Calibration Interface for Hydroponic Sensors

Agroponics' Control Room is an interface where users, even those new to gardening & coding, can monitor and automatically maintain their plants. Regular sensor calibration is a critical part of smooth operations, especially for DIY equipment! It can also be confusing if done solely from the backend, where it can be hard to decipher where a process goes wrong. Over the course of three months, I iterated on a solution to increase calibration speed and reduce cognitive load.

The goal was to make a calibration interface that anyone could use. The interface should lock steps sequentially; you can't advance to buffer calibration until probe detection and rinse are confirmed, and you can't run verification until both calibration points are complete. Probe setup and detection are handled in a settings page. A persistent status bar shows which sensors are active, calibrated, or disabled at a glance.
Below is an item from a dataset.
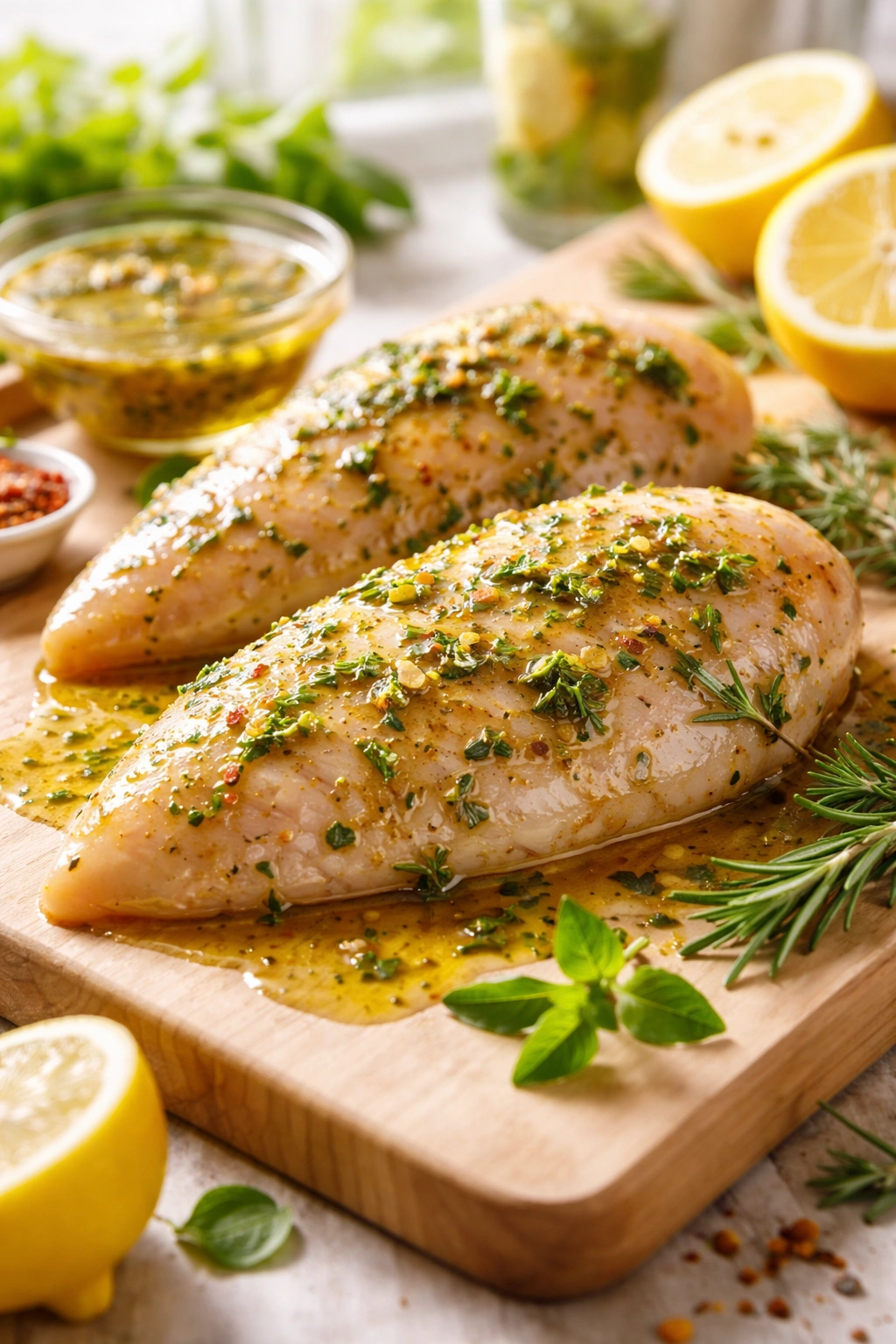 Chicken with lemon herb marinade glaze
Calibration history is logged with timestamps to make drift trends visible over time.

After iteration, I decided on an interface that locks calibration steps sequentially. You cannot advance to buffer calibration until probe detection and rinse are confirmed, and you cannot run verification until both calibration points are complete. This enforces the dependency graph of the process itself, since each step's validity depends on the one before it.

A persistent status bar tracks which sensors are active, calibrated, or disabled at a glance. Probe setup and detection are configured in a dedicated settings page, and if no sensor is detected the calibration flow is greyed out, directing the operator toward the hardware issue before attempting the process. If a reading falls outside the expected range, a retry prompt surfaces with a plain-language explanation. Calibration history is logged with timestamps, making drift trends visible across sessions rather than only in the moment.
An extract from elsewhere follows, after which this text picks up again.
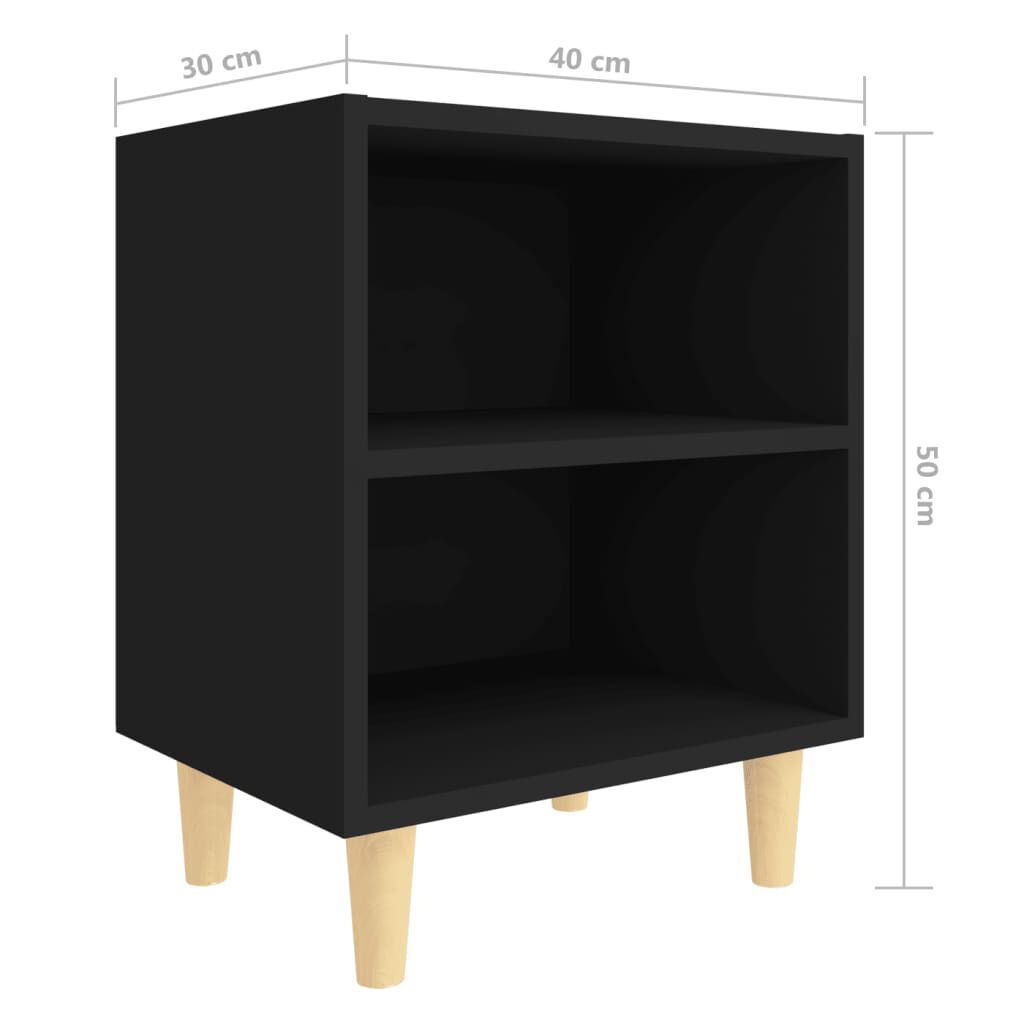 vidaXL Κομοδίνo Μαύρο 40 x 30 x 50 εκ. με Μασίφ Ξύλινα Πόδια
I started with a Figma wireframe, then prototyped in flat HTML rather than going straight to React. The goal was to get fully interactive buttons working without setting up the data stream, so the team could methodically walk through all the edge cases before anything was wired up. We ran a mock calibration and it took much less time than our original average of 45 minutes. That walkthrough surfaced some user-requested features, like the ability to log pH readings from manual test strips into the calibration history, which got added before moving forward. The backend runs on C++ via PlatformIO, communicating with the DFRobot sensors and publishing data over MQTT. Once the prototype was validated, I translated it into React to interface with that existing data stream and fit into our shared repository. We're currently in full testing.

Calibration time dropped from roughly 45 minutes to 15 minutes per session. Operators could run the process independently without referencing datasheets or asking someone who had done it before. Building the interface also forced us to document the calibration process properly for the first time. That documentation is now part of team onboarding.